→ **What to work on**:
Among the lines below, the one containing "Apartamento T2 para" opens the range and the one containing "Toyota Verso I" closes it. Print that range exactly, without the pictures.

→ **Exercise materials**:
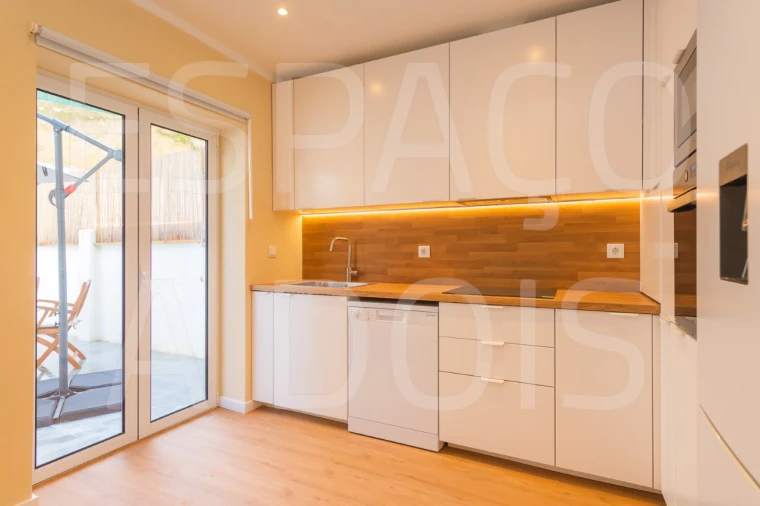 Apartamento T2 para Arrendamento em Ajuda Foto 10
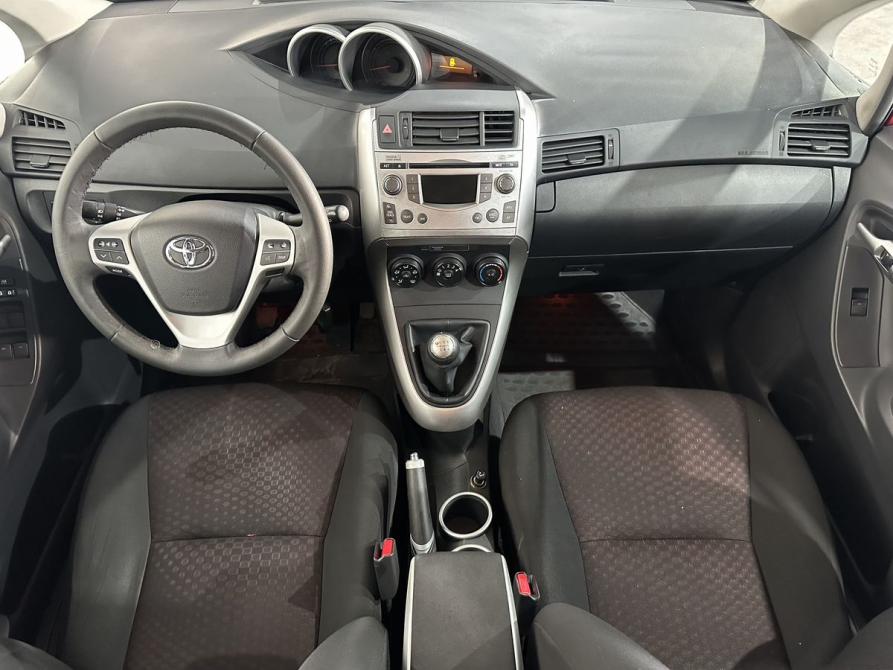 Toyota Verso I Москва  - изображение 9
---
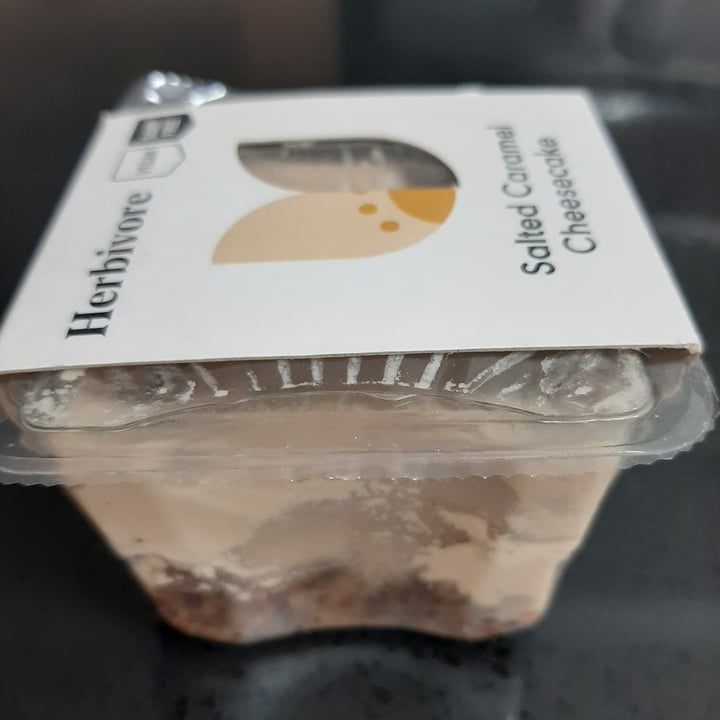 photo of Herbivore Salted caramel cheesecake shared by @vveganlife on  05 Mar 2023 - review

→ **Reply**:
 Apartamento T2 para Arrendamento em Ajuda Foto 10
 Toyota Verso I Москва  - изображение 9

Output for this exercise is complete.